··· DATA SHOWN ···

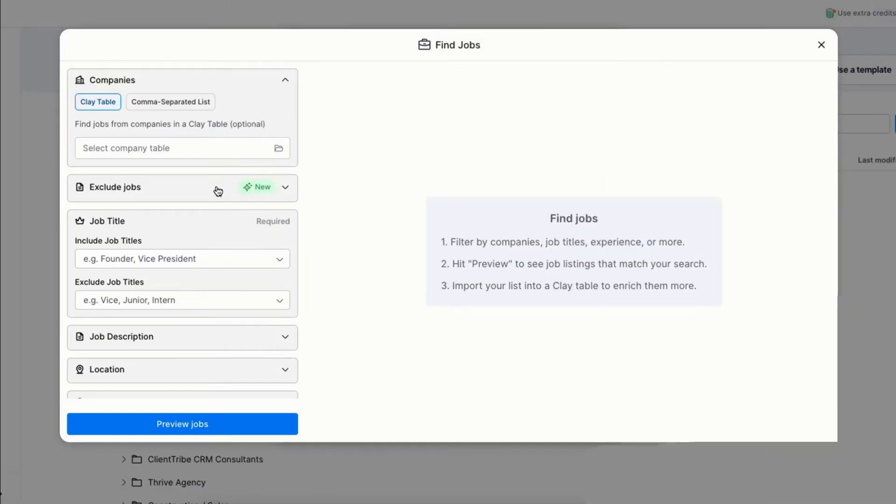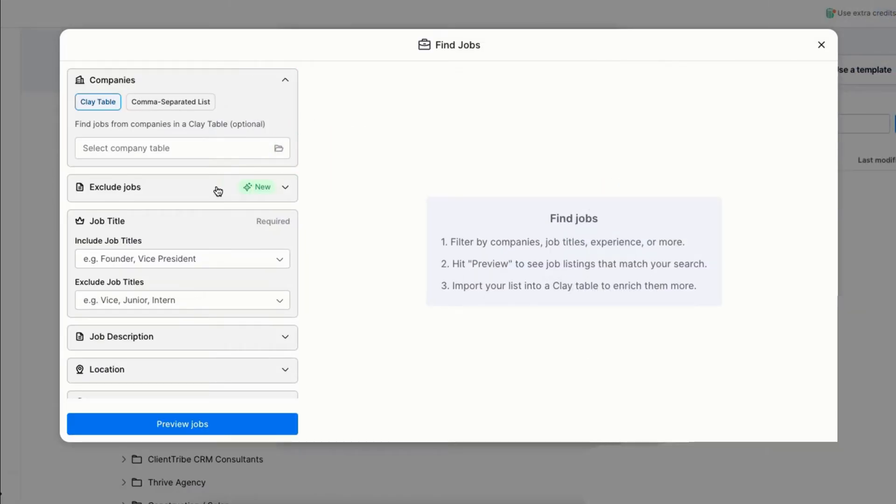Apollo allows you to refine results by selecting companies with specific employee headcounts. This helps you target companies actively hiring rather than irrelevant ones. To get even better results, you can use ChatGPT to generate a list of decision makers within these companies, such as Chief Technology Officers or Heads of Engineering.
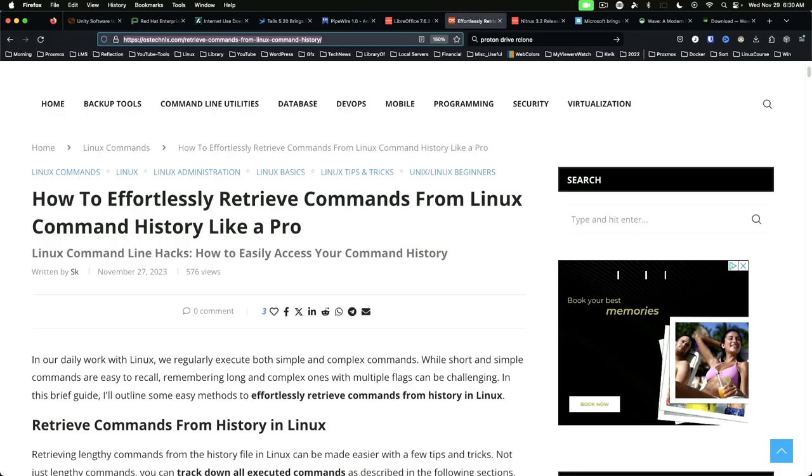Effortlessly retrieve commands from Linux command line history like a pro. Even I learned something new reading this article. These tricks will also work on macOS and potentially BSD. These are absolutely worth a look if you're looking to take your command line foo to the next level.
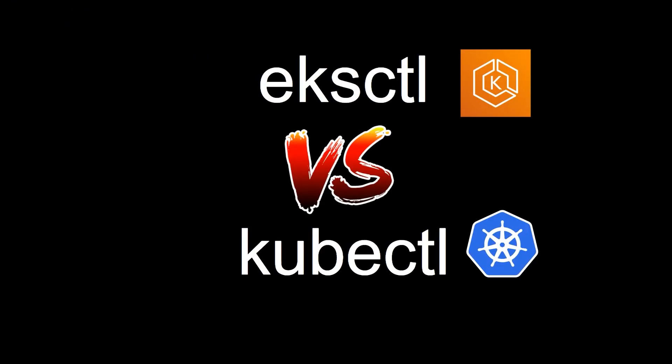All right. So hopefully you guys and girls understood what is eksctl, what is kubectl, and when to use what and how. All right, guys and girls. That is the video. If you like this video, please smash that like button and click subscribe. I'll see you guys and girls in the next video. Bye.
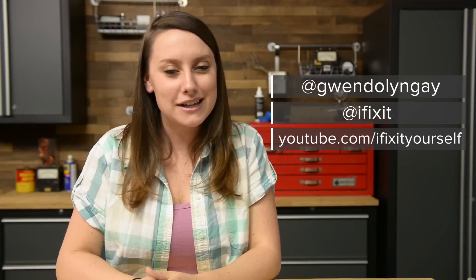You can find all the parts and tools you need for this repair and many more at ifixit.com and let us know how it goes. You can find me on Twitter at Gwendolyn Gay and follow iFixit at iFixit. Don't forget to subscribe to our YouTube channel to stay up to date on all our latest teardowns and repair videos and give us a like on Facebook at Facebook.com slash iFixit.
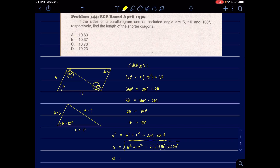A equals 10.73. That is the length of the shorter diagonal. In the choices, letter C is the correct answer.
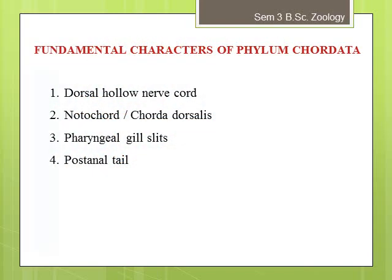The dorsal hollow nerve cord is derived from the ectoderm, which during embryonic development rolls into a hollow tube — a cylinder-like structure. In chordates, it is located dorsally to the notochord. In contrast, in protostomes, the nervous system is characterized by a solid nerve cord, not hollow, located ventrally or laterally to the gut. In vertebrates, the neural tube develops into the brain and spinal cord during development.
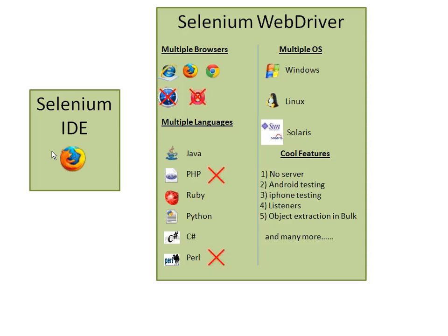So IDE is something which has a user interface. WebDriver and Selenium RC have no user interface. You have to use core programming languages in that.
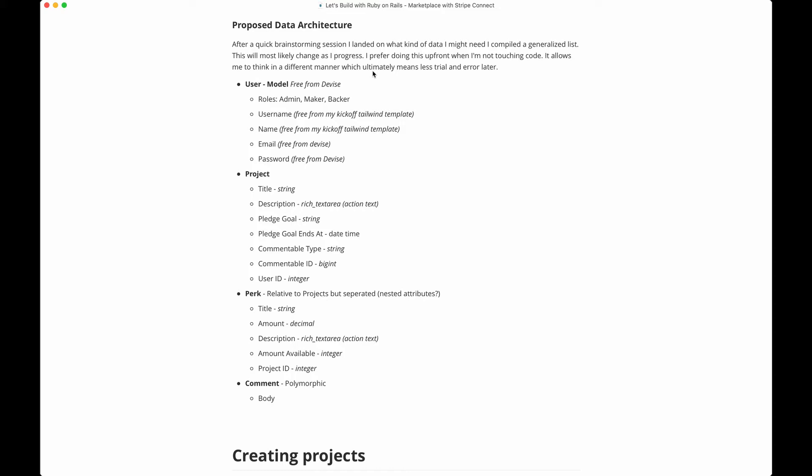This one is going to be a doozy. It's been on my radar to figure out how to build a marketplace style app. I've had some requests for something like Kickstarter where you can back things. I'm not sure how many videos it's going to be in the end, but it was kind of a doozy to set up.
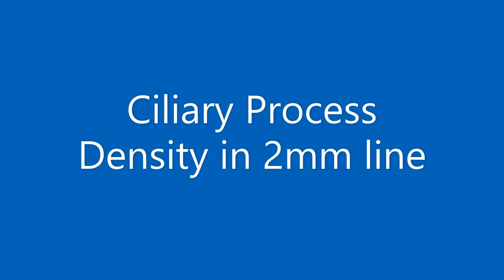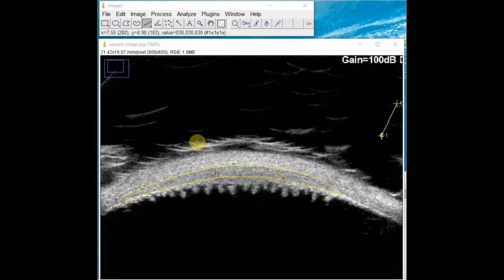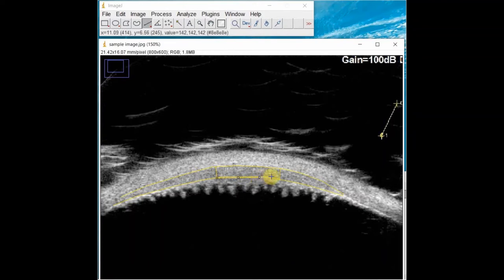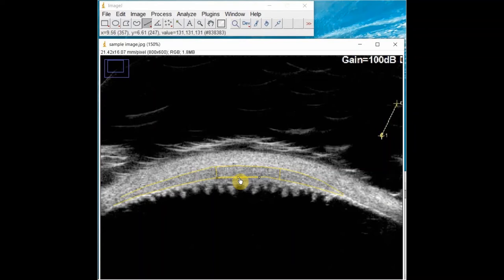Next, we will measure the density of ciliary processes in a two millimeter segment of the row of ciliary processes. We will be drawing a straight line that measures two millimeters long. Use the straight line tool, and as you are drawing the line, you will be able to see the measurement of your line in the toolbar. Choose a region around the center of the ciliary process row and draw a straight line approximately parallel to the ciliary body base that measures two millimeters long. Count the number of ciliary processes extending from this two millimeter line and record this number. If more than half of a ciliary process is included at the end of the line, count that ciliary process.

···

Write the entries above out again exactly, but not the pictures.

TASK OUTPUT -
Apollo allows you to refine results by selecting companies with specific employee headcounts. This helps you target companies actively hiring rather than irrelevant ones. To get even better results, you can use ChatGPT to generate a list of decision makers within these companies, such as Chief Technology Officers or Heads of Engineering.
Effortlessly retrieve commands from Linux command line history like a pro. Even I learned something new reading this article. These tricks will also work on macOS and potentially BSD. These are absolutely worth a look if you're looking to take your command line foo to the next level.
All right. So hopefully you guys and girls understood what is eksctl, what is kubectl, and when to use what and how. All right, guys and girls. That is the video. If you like this video, please smash that like button and click subscribe. I'll see you guys and girls in the next video. Bye.
You can find all the parts and tools you need for this repair and many more at ifixit.com and let us know how it goes. You can find me on Twitter at Gwendolyn Gay and follow iFixit at iFixit. Don't forget to subscribe to our YouTube channel to stay up to date on all our latest teardowns and repair videos and give us a like on Facebook at Facebook.com slash iFixit.
A equals 10.73. That is the length of the shorter diagonal. In the choices, letter C is the correct answer.
The dorsal hollow nerve cord is derived from the ectoderm, which during embryonic development rolls into a hollow tube — a cylinder-like structure. In chordates, it is located dorsally to the notochord. In contrast, in protostomes, the nervous system is characterized by a solid nerve cord, not hollow, located ventrally or laterally to the gut. In vertebrates, the neural tube develops into the brain and spinal cord during development.
So IDE is something which has a user interface. WebDriver and Selenium RC have no user interface. You have to use core programming languages in that.
This one is going to be a doozy. It's been on my radar to figure out how to build a marketplace style app. I've had some requests for something like Kickstarter where you can back things. I'm not sure how many videos it's going to be in the end, but it was kind of a doozy to set up.
Next, we will measure the density of ciliary processes in a two millimeter segment of the row of ciliary processes. We will be drawing a straight line that measures two millimeters long. Use the straight line tool, and as you are drawing the line, you will be able to see the measurement of your line in the toolbar. Choose a region around the center of the ciliary process row and draw a straight line approximately parallel to the ciliary body base that measures two millimeters long. Count the number of ciliary processes extending from this two millimeter line and record this number. If more than half of a ciliary process is included at the end of the line, count that ciliary process.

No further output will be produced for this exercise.